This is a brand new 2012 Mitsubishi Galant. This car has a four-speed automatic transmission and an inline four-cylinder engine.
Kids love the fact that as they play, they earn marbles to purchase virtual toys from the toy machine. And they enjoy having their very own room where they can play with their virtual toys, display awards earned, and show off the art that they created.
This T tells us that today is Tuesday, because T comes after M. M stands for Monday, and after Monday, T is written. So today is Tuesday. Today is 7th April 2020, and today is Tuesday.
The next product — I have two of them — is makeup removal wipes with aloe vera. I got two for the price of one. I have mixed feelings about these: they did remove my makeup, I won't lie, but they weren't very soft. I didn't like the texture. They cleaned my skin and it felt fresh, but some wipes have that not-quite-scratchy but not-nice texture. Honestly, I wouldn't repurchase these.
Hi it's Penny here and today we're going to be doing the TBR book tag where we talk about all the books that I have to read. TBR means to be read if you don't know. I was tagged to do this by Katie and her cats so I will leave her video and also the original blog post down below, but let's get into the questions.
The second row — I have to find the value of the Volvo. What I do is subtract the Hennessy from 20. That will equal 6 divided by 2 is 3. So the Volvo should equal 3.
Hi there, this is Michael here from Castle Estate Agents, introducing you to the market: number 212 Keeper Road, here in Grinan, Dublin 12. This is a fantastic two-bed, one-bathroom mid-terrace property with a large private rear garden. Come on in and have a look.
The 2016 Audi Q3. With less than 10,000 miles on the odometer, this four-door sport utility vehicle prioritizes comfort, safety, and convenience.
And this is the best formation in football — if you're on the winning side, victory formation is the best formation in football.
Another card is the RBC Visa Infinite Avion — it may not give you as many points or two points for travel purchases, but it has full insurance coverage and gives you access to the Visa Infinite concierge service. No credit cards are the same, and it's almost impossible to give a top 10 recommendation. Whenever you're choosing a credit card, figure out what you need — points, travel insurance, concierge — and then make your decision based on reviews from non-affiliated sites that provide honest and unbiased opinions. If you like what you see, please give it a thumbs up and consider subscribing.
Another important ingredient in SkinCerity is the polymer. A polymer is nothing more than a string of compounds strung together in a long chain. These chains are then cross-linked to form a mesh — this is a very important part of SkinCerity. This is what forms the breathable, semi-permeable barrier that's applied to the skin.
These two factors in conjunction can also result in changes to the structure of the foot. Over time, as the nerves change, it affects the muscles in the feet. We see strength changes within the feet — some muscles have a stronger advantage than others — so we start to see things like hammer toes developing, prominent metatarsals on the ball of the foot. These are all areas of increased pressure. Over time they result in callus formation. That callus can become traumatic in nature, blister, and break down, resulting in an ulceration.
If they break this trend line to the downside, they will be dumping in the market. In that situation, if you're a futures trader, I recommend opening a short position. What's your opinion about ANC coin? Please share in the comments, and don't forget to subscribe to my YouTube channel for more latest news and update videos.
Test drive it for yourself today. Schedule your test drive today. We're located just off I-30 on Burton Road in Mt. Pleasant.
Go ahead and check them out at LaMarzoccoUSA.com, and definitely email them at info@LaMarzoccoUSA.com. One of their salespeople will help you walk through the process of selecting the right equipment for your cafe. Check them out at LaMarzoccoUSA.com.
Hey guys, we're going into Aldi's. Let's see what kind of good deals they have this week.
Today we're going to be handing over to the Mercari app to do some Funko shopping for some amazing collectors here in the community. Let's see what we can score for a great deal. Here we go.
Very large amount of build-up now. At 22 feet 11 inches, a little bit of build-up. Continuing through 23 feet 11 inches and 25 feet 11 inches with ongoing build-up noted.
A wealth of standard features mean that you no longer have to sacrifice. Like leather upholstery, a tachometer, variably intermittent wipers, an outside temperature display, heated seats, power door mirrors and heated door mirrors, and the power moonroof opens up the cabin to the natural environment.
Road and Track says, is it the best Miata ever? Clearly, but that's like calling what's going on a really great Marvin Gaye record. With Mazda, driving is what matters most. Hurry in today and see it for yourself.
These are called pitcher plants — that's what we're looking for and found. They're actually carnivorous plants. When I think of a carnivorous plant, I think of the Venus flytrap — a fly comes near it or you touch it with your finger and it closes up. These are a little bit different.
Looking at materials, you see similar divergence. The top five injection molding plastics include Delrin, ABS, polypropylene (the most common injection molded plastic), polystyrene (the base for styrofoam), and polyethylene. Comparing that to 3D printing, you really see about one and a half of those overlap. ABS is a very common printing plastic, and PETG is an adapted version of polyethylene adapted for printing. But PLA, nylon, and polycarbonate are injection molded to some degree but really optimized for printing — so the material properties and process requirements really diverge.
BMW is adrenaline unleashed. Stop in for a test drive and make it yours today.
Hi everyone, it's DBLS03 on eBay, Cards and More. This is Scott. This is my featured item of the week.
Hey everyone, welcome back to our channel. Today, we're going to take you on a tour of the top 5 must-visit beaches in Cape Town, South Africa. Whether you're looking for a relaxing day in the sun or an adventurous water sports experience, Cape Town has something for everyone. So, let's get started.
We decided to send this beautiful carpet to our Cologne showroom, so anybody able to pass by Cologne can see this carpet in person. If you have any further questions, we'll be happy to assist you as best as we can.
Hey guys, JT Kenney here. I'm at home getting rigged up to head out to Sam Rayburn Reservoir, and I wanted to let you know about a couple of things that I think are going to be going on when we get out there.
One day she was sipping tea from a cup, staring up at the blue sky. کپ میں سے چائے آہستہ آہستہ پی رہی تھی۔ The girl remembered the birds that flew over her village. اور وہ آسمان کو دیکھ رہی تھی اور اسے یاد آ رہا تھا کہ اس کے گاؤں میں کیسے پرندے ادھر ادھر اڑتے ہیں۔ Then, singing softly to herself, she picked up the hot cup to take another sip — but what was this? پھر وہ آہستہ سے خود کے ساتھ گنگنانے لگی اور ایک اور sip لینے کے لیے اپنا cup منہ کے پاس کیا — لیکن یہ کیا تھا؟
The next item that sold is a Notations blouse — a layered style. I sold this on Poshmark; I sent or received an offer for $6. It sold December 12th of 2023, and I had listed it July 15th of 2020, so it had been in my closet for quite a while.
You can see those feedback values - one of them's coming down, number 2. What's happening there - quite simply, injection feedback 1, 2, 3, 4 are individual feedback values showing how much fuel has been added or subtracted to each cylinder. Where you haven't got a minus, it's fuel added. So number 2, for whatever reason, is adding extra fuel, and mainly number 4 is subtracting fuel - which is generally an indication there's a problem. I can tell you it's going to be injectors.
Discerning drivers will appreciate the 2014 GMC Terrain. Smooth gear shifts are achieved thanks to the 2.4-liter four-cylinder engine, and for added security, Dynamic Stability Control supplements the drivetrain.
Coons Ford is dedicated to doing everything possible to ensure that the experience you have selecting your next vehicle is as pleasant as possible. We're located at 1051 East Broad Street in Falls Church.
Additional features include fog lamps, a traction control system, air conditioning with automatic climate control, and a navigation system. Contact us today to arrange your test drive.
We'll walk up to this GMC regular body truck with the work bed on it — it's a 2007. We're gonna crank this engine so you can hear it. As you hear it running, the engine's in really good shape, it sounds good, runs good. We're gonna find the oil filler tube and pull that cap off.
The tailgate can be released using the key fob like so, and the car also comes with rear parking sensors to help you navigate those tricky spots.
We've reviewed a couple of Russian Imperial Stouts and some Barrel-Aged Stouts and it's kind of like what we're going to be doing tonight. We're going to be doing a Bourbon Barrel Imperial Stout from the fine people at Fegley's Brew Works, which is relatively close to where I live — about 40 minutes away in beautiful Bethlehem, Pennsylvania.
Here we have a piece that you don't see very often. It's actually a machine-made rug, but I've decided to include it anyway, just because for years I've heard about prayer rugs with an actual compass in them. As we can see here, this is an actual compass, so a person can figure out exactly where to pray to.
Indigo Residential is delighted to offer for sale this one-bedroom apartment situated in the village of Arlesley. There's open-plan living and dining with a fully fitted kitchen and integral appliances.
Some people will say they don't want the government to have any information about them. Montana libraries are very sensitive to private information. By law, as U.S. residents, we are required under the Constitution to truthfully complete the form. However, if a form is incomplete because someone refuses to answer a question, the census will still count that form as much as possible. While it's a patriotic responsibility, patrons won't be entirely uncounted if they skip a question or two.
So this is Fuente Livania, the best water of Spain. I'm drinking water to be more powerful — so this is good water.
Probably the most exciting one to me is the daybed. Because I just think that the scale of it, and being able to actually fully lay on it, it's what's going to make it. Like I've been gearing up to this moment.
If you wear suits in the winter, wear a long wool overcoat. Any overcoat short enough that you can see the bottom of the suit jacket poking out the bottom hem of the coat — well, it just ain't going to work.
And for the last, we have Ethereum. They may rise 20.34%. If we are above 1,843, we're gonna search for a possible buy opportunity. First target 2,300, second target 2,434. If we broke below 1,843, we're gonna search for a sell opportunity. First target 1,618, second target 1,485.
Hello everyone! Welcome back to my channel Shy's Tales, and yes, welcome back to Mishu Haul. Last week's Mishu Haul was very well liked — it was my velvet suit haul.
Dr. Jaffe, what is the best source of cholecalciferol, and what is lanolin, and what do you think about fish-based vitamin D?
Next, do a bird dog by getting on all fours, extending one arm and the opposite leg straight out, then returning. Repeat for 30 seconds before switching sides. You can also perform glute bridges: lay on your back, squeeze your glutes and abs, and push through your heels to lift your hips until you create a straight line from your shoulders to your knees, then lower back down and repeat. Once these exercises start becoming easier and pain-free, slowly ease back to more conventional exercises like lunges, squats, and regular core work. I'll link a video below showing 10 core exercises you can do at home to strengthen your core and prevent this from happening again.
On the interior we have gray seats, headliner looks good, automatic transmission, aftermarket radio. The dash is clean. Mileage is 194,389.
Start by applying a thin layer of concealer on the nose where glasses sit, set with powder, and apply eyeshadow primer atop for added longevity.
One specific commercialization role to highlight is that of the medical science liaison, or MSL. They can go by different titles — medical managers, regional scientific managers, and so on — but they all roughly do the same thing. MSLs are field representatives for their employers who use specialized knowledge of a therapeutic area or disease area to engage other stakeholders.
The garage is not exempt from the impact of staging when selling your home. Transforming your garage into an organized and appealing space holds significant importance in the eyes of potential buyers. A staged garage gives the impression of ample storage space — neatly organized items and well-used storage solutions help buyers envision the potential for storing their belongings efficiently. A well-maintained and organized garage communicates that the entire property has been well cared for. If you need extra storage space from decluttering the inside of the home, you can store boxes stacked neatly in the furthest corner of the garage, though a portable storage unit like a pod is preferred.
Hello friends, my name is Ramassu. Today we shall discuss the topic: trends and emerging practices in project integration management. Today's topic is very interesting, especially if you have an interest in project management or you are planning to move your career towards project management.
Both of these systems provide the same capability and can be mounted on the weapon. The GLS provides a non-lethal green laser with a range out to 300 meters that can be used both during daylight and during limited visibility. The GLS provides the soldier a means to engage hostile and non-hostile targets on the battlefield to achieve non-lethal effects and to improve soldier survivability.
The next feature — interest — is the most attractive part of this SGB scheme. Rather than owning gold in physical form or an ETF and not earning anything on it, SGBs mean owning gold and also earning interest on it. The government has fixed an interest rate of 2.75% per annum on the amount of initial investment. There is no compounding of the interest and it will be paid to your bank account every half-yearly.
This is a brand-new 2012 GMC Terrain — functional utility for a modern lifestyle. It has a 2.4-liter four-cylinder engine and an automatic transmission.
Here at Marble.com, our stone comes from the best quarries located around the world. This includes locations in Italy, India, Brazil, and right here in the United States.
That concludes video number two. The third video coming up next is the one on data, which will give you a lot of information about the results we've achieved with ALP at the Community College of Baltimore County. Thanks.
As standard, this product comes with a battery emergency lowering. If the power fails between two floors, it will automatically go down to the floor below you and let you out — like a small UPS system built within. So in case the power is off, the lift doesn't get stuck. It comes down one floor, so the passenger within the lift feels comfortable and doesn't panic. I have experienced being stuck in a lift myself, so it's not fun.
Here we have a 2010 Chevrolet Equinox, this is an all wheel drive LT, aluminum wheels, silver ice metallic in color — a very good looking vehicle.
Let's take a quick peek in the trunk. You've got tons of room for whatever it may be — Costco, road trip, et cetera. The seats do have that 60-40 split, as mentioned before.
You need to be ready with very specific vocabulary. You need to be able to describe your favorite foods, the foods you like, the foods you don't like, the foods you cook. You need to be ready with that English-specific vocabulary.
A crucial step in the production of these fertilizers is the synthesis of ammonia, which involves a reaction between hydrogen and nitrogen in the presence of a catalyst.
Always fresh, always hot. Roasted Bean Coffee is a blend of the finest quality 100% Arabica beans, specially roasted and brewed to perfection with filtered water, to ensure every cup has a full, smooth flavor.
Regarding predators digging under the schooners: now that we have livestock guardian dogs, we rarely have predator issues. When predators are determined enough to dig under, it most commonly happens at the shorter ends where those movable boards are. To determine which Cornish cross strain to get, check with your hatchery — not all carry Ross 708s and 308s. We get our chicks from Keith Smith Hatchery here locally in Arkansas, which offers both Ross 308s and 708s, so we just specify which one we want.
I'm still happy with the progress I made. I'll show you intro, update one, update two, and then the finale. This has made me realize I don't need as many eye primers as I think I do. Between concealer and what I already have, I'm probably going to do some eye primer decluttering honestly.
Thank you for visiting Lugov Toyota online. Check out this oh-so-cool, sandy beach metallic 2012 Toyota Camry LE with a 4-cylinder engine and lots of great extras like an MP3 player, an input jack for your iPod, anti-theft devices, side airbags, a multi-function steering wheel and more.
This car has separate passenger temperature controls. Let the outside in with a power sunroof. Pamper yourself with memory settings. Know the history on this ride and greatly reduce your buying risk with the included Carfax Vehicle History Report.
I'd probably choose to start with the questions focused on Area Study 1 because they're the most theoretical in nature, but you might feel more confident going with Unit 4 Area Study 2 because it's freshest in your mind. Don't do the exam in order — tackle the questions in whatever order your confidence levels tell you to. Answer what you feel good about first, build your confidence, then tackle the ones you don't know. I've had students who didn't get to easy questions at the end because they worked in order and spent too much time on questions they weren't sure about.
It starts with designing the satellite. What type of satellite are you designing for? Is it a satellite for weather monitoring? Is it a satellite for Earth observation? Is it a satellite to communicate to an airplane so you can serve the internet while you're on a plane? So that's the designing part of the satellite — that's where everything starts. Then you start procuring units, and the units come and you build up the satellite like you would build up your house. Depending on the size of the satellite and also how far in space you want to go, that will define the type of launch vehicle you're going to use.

EXERCISE INSTRUCTIONS: Above are some lines. Repeat exactly, and only, those from the line that has "BMW is adrenaline" through the line that has "The next item".

EXERCISE SOLUTION:
BMW is adrenaline unleashed. Stop in for a test drive and make it yours today.
Hi everyone, it's DBLS03 on eBay, Cards and More. This is Scott. This is my featured item of the week.
Hey everyone, welcome back to our channel. Today, we're going to take you on a tour of the top 5 must-visit beaches in Cape Town, South Africa. Whether you're looking for a relaxing day in the sun or an adventurous water sports experience, Cape Town has something for everyone. So, let's get started.
We decided to send this beautiful carpet to our Cologne showroom, so anybody able to pass by Cologne can see this carpet in person. If you have any further questions, we'll be happy to assist you as best as we can.
Hey guys, JT Kenney here. I'm at home getting rigged up to head out to Sam Rayburn Reservoir, and I wanted to let you know about a couple of things that I think are going to be going on when we get out there.
One day she was sipping tea from a cup, staring up at the blue sky. کپ میں سے چائے آہستہ آہستہ پی رہی تھی۔ The girl remembered the birds that flew over her village. اور وہ آسمان کو دیکھ رہی تھی اور اسے یاد آ رہا تھا کہ اس کے گاؤں میں کیسے پرندے ادھر ادھر اڑتے ہیں۔ Then, singing softly to herself, she picked up the hot cup to take another sip — but what was this? پھر وہ آہستہ سے خود کے ساتھ گنگنانے لگی اور ایک اور sip لینے کے لیے اپنا cup منہ کے پاس کیا — لیکن یہ کیا تھا؟
The next item that sold is a Notations blouse — a layered style. I sold this on Poshmark; I sent or received an offer for $6. It sold December 12th of 2023, and I had listed it July 15th of 2020, so it had been in my closet for quite a while.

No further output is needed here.